The US Air Force (USAF) is investing in technologies to make their systems more energy-efficient, a senior official from the Air Force for acquisition, technology, and logistics said during an Air Force Association webinar.
The Air Force Research Laboratory (AFRL), which is at the forefront of discovering, developing, and integrating aerospace warfighting technologies, has listed four key areas in the achievement of that goal.
These include advanced engine concepts, weight and power reduction, advanced or alternative fuels, and batteries.
Deputy assistant secretary for science, technology, and engineering in the Air Force for acquisition, technology, and logistics Kristen Baldwin stated, “What I see as our most pressing opportunity is to ensure promising technologies transition to the warfighter quickly.”
“I believe that we can and should do this by redesigning how we emphasize and reward programs that make lifecycle energy efficiency considerations a prerogative from the start.”
New Technology for Existing Systems
Apart from developing new technologies for new systems, Baldwin endorsed the need to retrofit existing systems with updated technologies to make them more energy-efficient.
She discussed specific projects under which AFRL, in collaboration with private players, is developing technologies for “affordable mission capability.”

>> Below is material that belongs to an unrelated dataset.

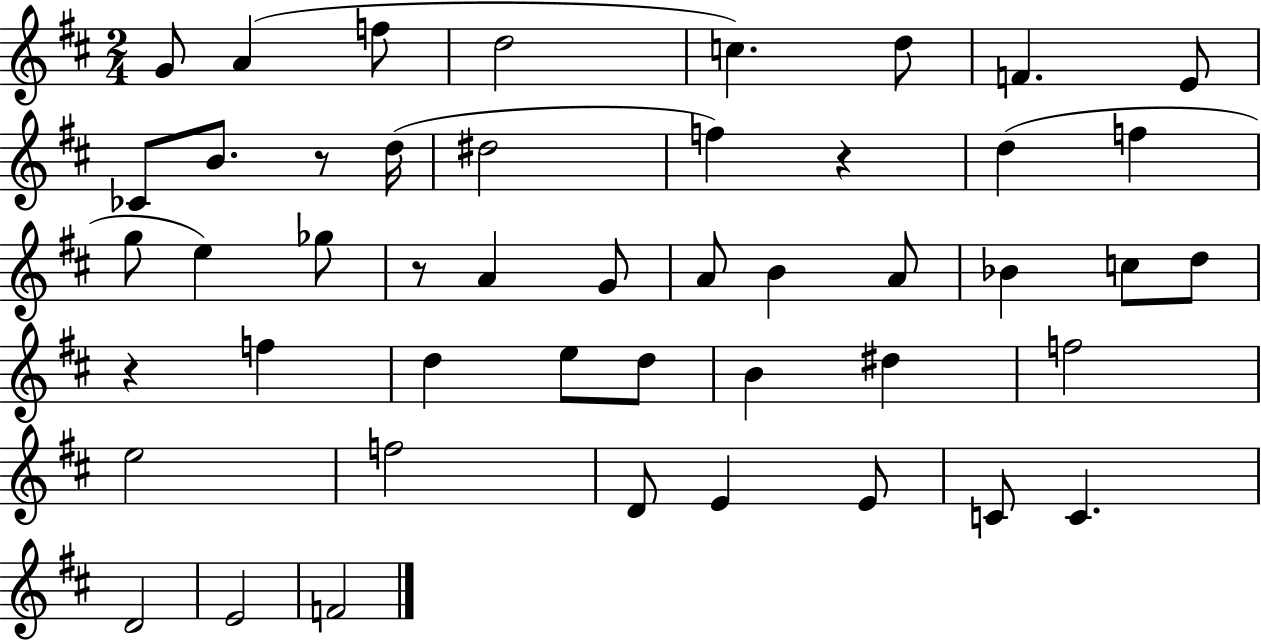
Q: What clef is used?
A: treble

“We have government and industry teams working together on advanced turbine-based propulsion power and thermal technologies for legacy as well as [those] in development and future military propulsion programs,” she said.

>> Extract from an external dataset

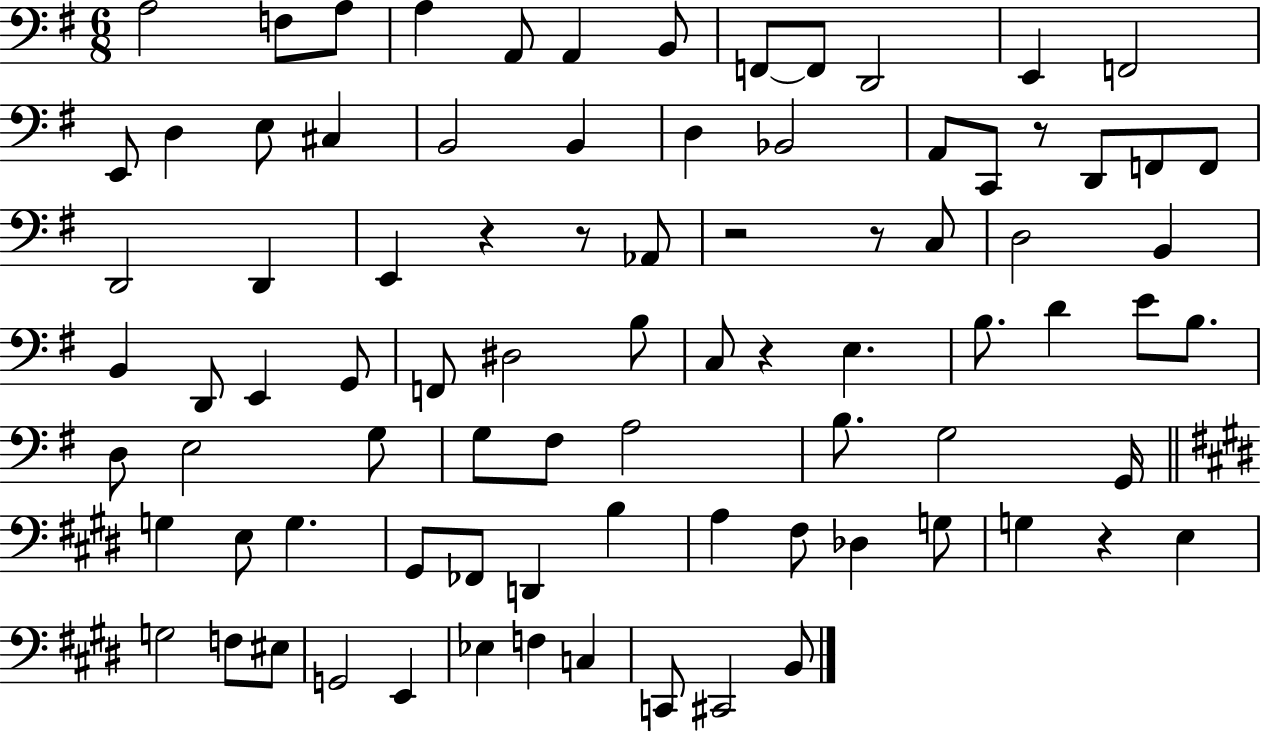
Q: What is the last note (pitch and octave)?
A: B2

“…adaptive engines with variable turbines, high-pressure ratio compressors and ultra-compact combustors for long-range air superiority” are some other technologies and systems AFRL and its collaborators are working on to achieve reduced costs and increased fuel efficiency, Baldwin added.
Increased Casualties Due to Fuel Convoy
Pentagon has long been aware of the need to rid itself of its dependence on fossil fuel. In 2003, Lt. Gen. Jim Mattis, then-commander of the First Marine Expeditionary Force, said that future US military forces must “be unleashed from the tether of fuel.”
Interestingly, though, the immediate concern behind Mattis’ statement was the rising casualty figures of US forces in Iraq and Afghanistan while guarding fuel convoys in the war-torn regions.
The US Army attributed the deaths of over three thousand US military and Department of Defense (DoD) contractors between 2003 and 2007 in the two countries to the necessity of transporting and guarding fuel.
Switching to renewable sources of energy such as solar power not only reduces the risk of being attacked while guarding a fuel convoy but also allows soldiers to move more quietly through enemy territory, which is not possible in the case when employing the noisy diesel-fired generators required while transporting fuel.
Likewise, in the sea, energy-efficient gas-electric hybrid battleships allow for fewer stops – making them less vulnerable to terrorist attacks such as that which took place in Yemen in 2000 killing 17 US soldiers aboard the USS Cole, according to Reuters.
Pentagon Efforts to Increase Renewable Fuel Consumption
Along with long-term strategic concerns such as climate change and rising fossil fuel prices, such 21st-century tactical considerations may be behind the near doubling of US armed forces renewable power generation between 2011 and 2015, to 10,534 billion British thermal units, Reuters reported citing a DoD report.
Moreover, the report added, the number of military renewable energy projects nearly tripled to 1,390 during this period.
Research on New Materials, Batteries
Meanwhile, Baldwin said the USAF is looking at new materials that can provide significant structural weight savings and improve fuel efficiency while investing in “turboelectric and hybrid electric technologies.”
“We have ongoing research in targeting fundamental chemistry that can help enable improved fuel quality and military performance,” she said.
“We’re also exploiting combustion properties to increase system performance; we’re looking at hot fuel thermal management architectures; and we’re looking at fuel technologies and formulations that enable hypersonic flight.”
She also explained that the lab is investing in battery research to make light-weight batteries that provide more power with less frequent recharging.